Whether you work for a quoted company, or you want to know how your competitors, customers, or suppliers are performing, market capitalisation gives you a crude estimate of a company’s worth in the market place.

Calculating Market Capitalisation

Market capitalisation is calculated by multiplying the number (a definite figure) of shares that the company has by the market price (a fluctuating figure). The way the market perceives (feels) the worth of a company will affect the company’s ability to borrow or raise more funds from the investment community.

Leading Companies in the Market

Companies in the stock markets are ranked according to their total worth, with the highest valued businesses forming that country’s stock market index (such as the Dow, FTSE, DAX, and the CAC). Pay particular attention to what the price earnings ratio tells you.

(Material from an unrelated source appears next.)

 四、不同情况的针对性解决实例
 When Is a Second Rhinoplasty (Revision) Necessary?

The price earnings (PE) ration provides a good indication as to how the market views a business’s prospects. A high PE ratio is a sign of confidence in a company and a low ration indicates low confidence in a company.

The Yield Ratio 462

The yield ratio reveals how much the shareholders of an organisation are making by way of return on every pound, Euro, Dollar or Ruble invested in shares.

Gathering More Information 464

In addition to the financial statements, many organisations disclose a wealth of information voluntarily or because they are forced by law to disclose the information.

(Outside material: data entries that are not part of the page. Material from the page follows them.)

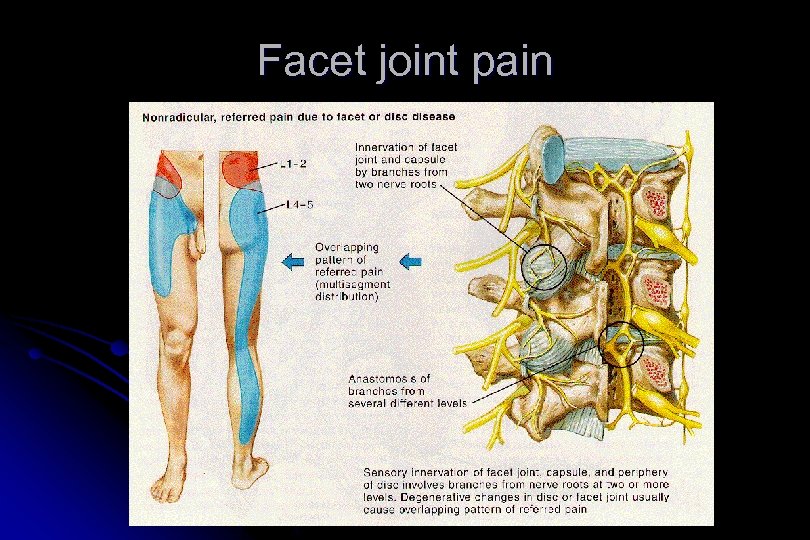 Facet joint pain 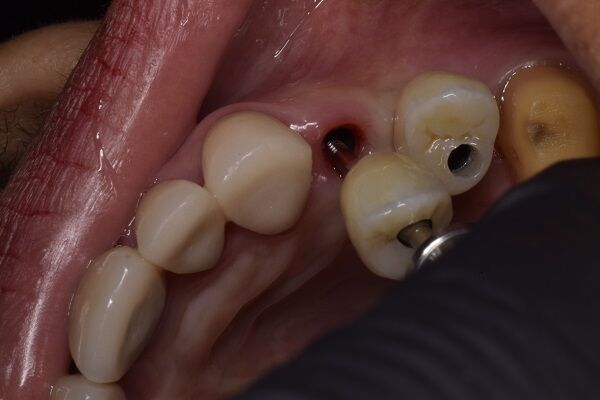 Mexico City, Dental, Count On The Best Dentist In Mexico To Get Your Ideal Smile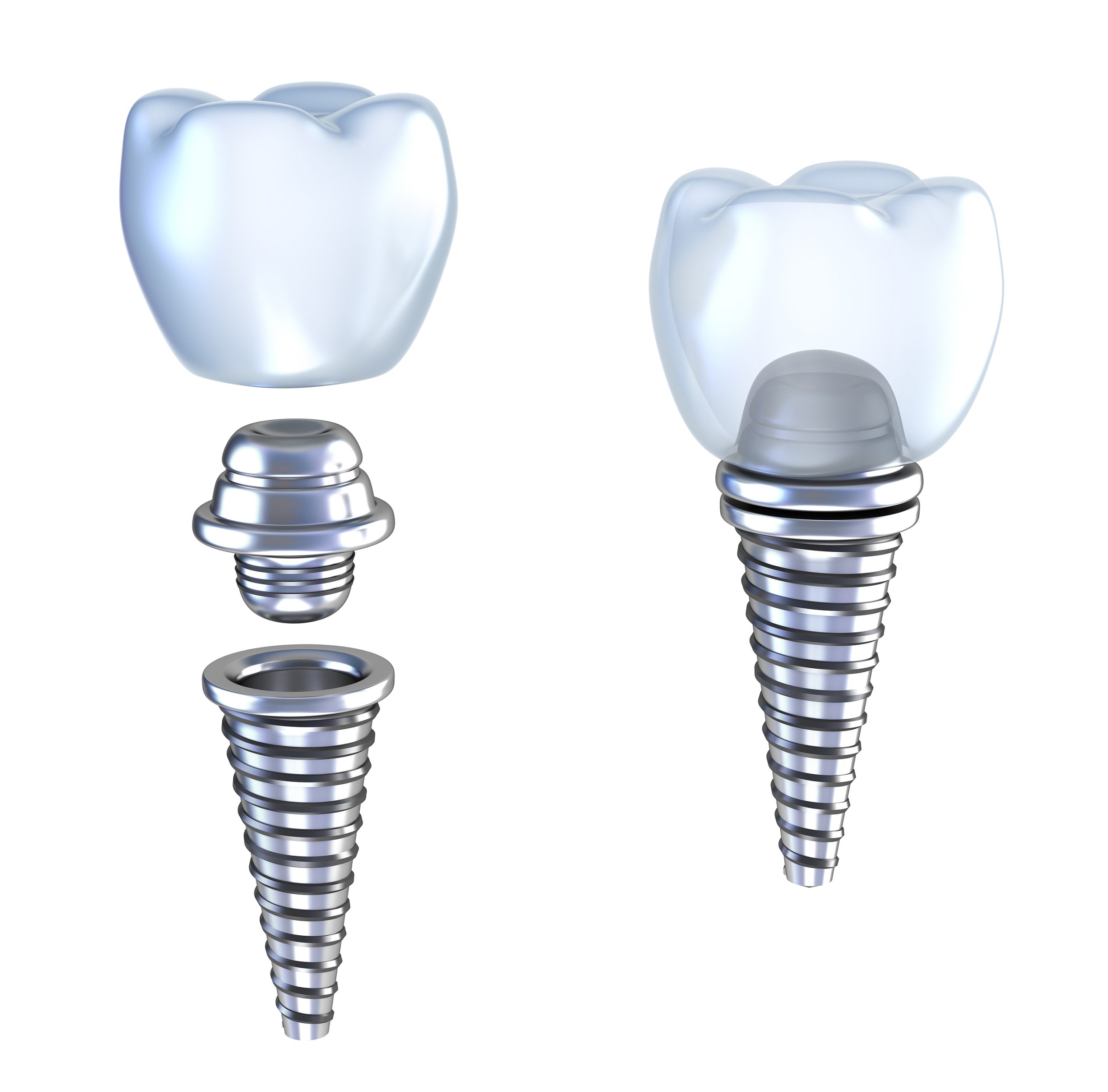 Walnut Creek Dental Implants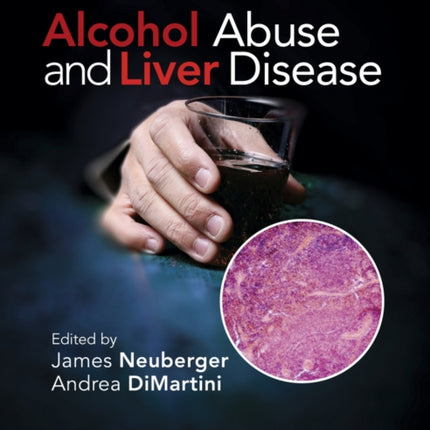 Alcohol Abuse and Liver Disease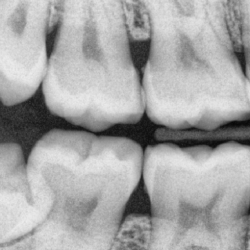 Bitewing rays xrays dental radiographs decay tooth proximal buyxraysonline dentagama disease periodontal initial roll zoom over gum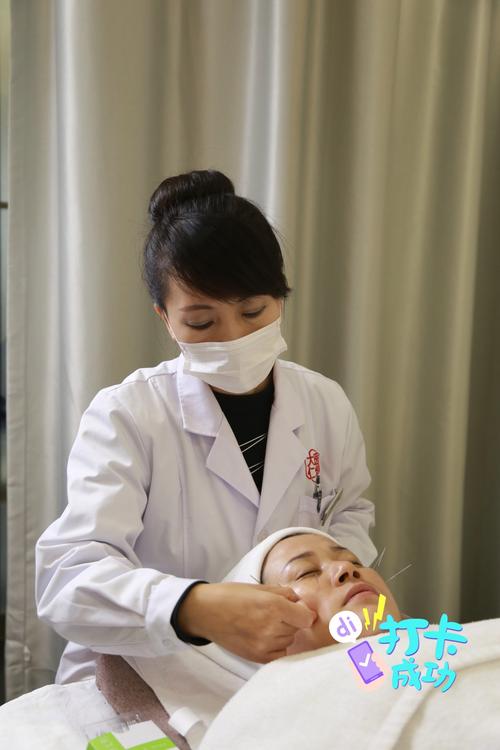 针灸治疗对身体好吗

Know where to look for these details, what you can glean from them and get to know what is contained in published reports and accounts.

Interpreting Auditors’ Code 464

The role of auditors is to report on whether financial statements have been properly prepared in accordance with company law and GAAP (Generally Accepted Accounting Principles) 424

In their reports auditors do not state that accounts are correct but they choose phrases such as, the accounts give a true and fair or the accounts fairly represent”.

Reports with these phrases are said to be unqualified” or clean.

If the reports are qualified opinions, they point to where there is uncertainty or more worrying disagreement with the internal auditors.